Je ne suis point jaloux de ton bonheur ; mais il m’étonne : tant de troubles agitent nos campagnes ! Moi-même, faible et malade, j’emmène mes chèvres loin de ces lieux ; en voici une, Tityre, qui a peine à me suivre. Ici, parmi ces épais coudriers, elle vient de mettre bas et de laisser, hélas ! sur une roche nue deux jumeaux, l’espoir de mon troupeau. Ce malheur, si mon esprit n’eût été aveuglé, souvent, je m’en souviens, les chênes frappés de la foudre me l’annoncèrent ; souvent, du creux de l’yeuse, la corneille sinistre me l’a prédit.
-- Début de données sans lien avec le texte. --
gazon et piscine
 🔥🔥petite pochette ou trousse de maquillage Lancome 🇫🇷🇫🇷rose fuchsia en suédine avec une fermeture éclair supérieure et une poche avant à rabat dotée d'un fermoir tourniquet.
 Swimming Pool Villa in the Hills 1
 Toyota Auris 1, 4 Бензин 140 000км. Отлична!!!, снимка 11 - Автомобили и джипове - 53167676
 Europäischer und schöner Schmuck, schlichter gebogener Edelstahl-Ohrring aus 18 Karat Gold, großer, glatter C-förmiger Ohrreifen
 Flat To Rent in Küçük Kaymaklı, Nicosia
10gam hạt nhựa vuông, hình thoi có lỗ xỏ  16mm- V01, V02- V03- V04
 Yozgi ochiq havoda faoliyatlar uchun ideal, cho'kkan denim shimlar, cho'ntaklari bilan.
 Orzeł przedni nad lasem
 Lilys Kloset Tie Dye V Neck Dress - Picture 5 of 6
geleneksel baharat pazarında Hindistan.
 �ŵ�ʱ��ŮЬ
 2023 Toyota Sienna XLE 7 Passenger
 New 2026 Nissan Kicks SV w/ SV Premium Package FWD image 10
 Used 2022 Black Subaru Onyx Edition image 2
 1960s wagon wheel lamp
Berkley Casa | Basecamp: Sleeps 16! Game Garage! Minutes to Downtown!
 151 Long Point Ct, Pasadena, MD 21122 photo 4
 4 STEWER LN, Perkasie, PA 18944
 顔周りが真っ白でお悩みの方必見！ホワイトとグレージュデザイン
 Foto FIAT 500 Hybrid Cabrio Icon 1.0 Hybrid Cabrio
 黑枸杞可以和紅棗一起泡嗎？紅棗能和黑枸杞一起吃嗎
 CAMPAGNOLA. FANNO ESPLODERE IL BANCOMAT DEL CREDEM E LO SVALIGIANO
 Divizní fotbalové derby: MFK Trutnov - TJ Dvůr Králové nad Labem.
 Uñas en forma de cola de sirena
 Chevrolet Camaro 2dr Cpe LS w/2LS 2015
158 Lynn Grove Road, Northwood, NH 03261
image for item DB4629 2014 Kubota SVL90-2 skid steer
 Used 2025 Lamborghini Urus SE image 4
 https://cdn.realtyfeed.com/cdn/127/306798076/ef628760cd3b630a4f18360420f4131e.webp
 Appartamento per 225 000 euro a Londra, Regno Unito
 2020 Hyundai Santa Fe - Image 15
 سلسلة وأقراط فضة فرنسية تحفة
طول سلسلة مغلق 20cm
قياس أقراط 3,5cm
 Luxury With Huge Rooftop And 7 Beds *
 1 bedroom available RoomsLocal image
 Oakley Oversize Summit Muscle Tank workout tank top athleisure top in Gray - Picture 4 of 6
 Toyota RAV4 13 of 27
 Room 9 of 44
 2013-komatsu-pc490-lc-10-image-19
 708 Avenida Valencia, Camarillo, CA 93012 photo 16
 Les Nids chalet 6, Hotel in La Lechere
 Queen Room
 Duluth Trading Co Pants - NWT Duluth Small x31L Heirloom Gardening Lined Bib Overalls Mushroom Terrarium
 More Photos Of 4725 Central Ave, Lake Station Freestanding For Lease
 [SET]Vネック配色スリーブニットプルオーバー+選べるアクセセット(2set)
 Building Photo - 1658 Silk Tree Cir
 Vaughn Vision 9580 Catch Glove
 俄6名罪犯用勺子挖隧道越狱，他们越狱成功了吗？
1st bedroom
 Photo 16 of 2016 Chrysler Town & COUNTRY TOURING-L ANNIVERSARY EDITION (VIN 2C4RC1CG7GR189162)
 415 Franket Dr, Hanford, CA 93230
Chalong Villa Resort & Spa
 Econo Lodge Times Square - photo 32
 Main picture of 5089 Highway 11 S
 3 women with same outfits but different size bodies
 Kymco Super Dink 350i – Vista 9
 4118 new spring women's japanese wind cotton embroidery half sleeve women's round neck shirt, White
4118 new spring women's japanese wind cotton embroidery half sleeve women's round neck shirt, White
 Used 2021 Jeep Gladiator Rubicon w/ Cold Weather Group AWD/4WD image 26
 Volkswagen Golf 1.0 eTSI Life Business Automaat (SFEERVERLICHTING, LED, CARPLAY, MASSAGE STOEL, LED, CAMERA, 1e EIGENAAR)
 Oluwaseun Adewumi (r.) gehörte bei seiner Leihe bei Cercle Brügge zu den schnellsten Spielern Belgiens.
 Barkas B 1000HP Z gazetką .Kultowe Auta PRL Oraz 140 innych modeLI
Mais enfin ce dieu, quel est-il, Tityre, dis-le-moi ?

TITYRE.

La ville qu’on appelle Rome, ô Mélibée, je la croyais, dans ma simplicité, semblable à la ville voisine, où nous avons coutume, nous autres bergers, de conduire nos tendres agneaux. Ainsi je voyais les jeunes chiens ressembler à leurs pères, les chevreaux à leurs mères ; ainsi aux petites choses je comparais les grandes. Mais Rome élève autant la tête parmi les autres villes que les cyprès parmi les viornes flexibles.

MÉLIBÉE.

Et quel motif si puissant te conduisait à Rome ?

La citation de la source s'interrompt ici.